Ahora bien, con independencia de esa identificación metodológicamente inadecuada entre renta y riqueza, hasta ahora había un acusado contraste entre ambos indicadores. Mientras que existían estimaciones del PIB o de la renta nacional per cápita para todos los países del mundo, de forma que era relativamente fácil realizar comparaciones internacionales, las referentes a la riqueza eran prácticamente inexistentes. Además, respecto al PIB, a pesar de las deficiencias que presenta como indicador, existe una metodología de cálculo aceptada internacionalmente (lo cual no significa que no haya de revisarse).
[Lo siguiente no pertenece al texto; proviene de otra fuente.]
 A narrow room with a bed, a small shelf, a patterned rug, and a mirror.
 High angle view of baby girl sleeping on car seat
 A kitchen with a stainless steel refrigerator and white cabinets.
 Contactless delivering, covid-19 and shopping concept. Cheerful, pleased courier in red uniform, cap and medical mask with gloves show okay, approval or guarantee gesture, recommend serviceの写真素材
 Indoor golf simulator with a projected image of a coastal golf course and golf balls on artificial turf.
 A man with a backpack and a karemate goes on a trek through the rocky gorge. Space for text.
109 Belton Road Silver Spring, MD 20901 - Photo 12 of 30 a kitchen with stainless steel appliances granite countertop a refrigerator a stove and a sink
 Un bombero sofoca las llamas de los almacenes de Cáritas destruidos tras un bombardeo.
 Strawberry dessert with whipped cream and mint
En contraposición, la forma de definir y calcular la riqueza de un país es una cuestión tan compleja como controvertida.
Ante este panorama, hay que celebrar la publicación de un nuevo informe del Banco Mundial (G.-M. Lange, Q. Wodon y K. Carey, eds., “The changing wealth of nations 2018: Building a sustainable future”, 2018) que contiene datos de la riqueza por habitante para 141 países, con una comparación de los años 1995 y 2014.
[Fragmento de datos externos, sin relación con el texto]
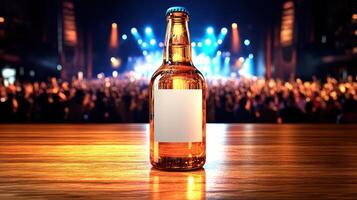 A cold beverage rests on a wooden table while an enthusiastic crowd enjoys live music photo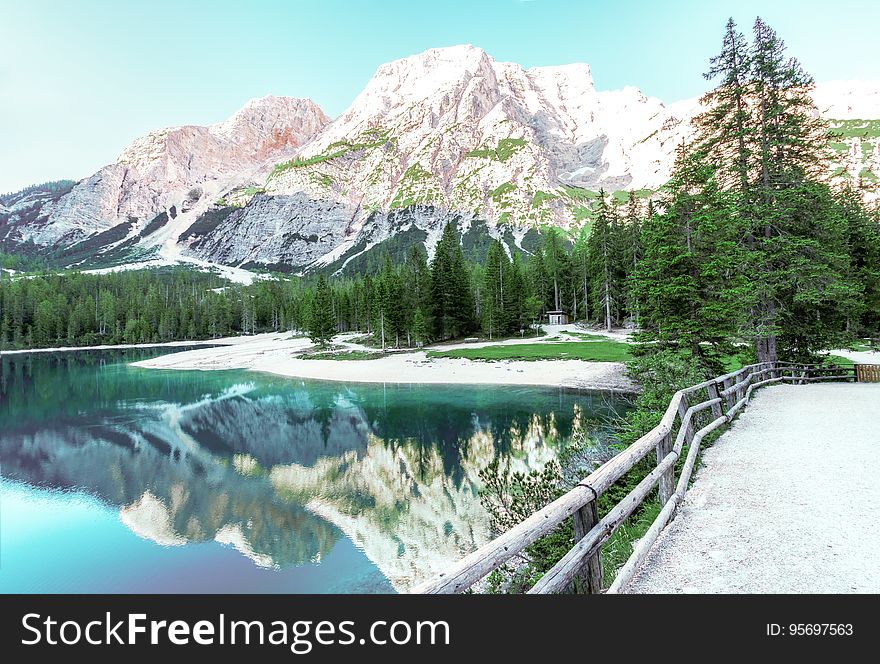 Mountains reflecting in calm waters of alpine lake with bridge and pine trees along banks. Mountains reflecting in calm waters of alpine lake with bridge and pine trees along banks.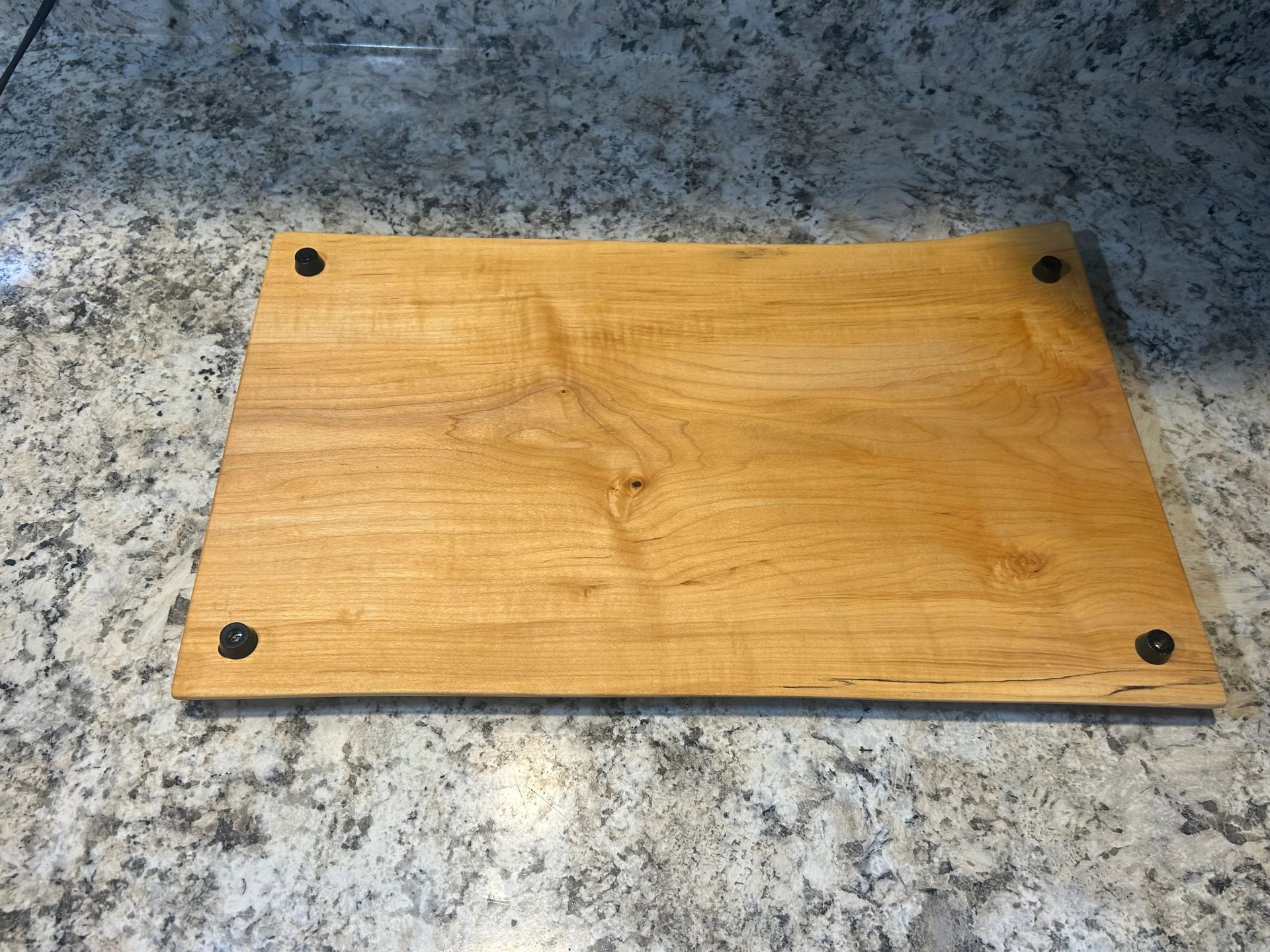 Wooden cutting board with dark feet, on a granite countertop.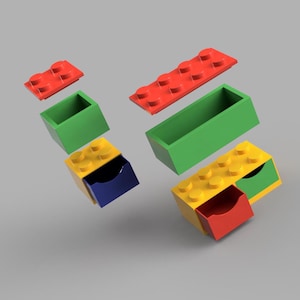May include: A set of colorful storage boxes shaped like Lego bricks. The boxes have drawers that slide out and lids that lift off. The boxes are red, yellow, green, and blue.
Dicho informe divide la riqueza de un país en cuatro grandes categorías: a) capital producido (como carreteras, maquinaria y edificios); b) capital humano (basado en la estimación de los ingresos futuros de la población activa); c) capital financiero (activos exteriores netos); y d) capital natural (principalmente recursos energéticos en el subsuelo, minerales, bosques y terrenos agrícolas).
La información aportada por el citado documento bien merece un análisis detallado y minucioso. Aquí nos limitaremos a señalar algunos aspectos básicos referidos al caso español.
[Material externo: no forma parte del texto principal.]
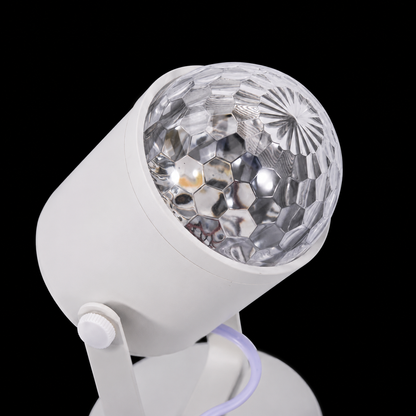 Close-up detail of the premium crystal lens on the ambient water ripple projector with elegant white finish and modern minimalist design.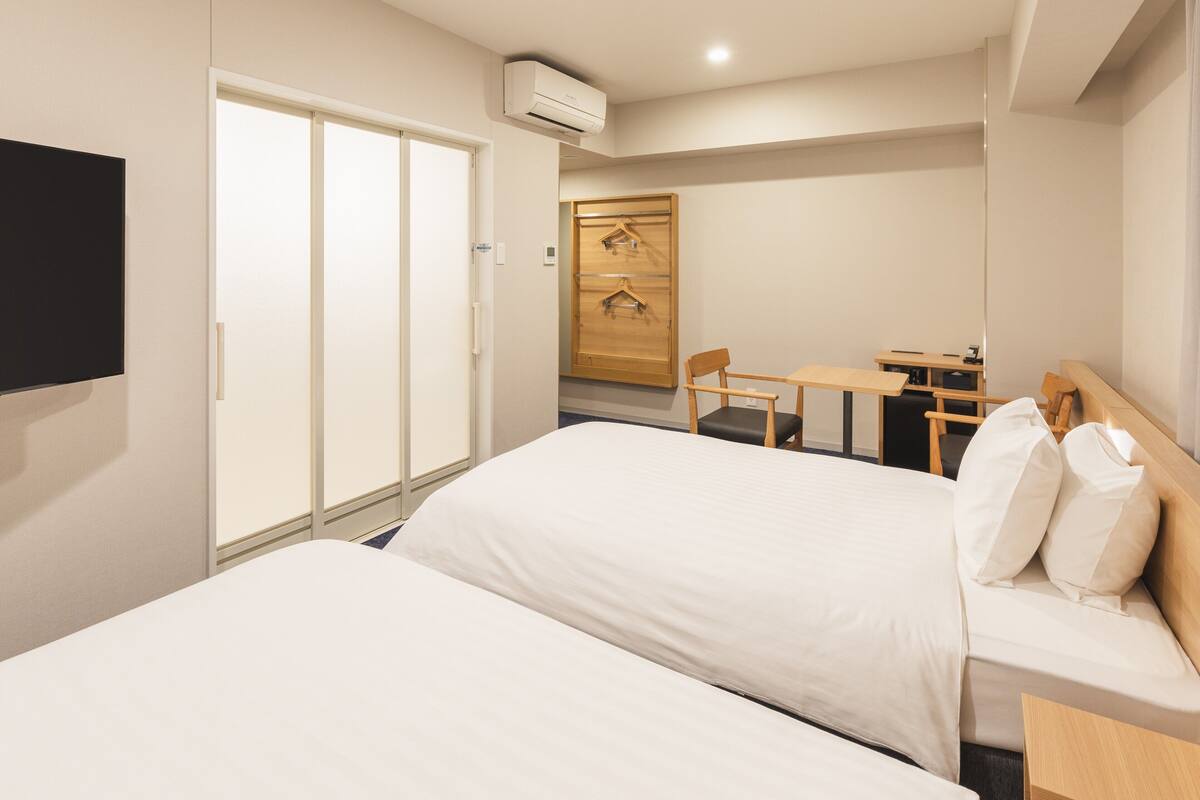 A hotel room with two beds, a desk, a chair, and a TV.
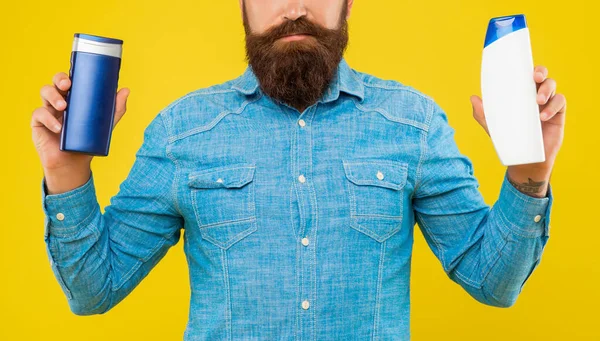 Hombre barbudo brutal recortado elegir botella acondicionador de pelo, presentando artículos de tocador. — Foto de Stock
Y lo cierto es que las alertas saltan bastante pronto, cuando constatamos que España figura entre la quincena de países que, en el mapamundi, aparecen señalados por haber registrado una disminución de la riqueza per cápita entre 1995 y 2014, a pesar de ser uno de los que lo hacen de manera más moderada. En un gráfico más explícito elaborado por el diario Financial Times (David Pilling, 8-2-2018) se subraya que “el alto desempleo ha reducido el capital humano en partes de la Europa del Sur, y la creciente población de España significa que sus exiguas ganancias globales son compartidas entre más personas”.
Para el año 2014, la estimación de la riqueza por habitante en España apunta una cifra de 342.470 dólares, muy por debajo de Italia (80%), Francia (53%) y Alemania (47%). Del total de la riqueza por habitante en España, casi las dos terceras partes corresponden al capital humano (63%), un 42% al capital producido y un 3% al capital natural; los activos financieros exteriores netos contribuyen negativamente con un 8%.
Es verdaderamente preocupante percibir la evolución negativa de la riqueza por habitante en España, así como el enorme desfase respecto a Alemania, Francia e Italia. Pero aún lo es más comprobar cómo la diferencia es imputable esencialmente al menor capital humano per cápita, que representa tan solo un 46% de la cifra de Alemania y un 52% de la de Francia. Antes de continuar este análisis es preciso reponerse del impacto.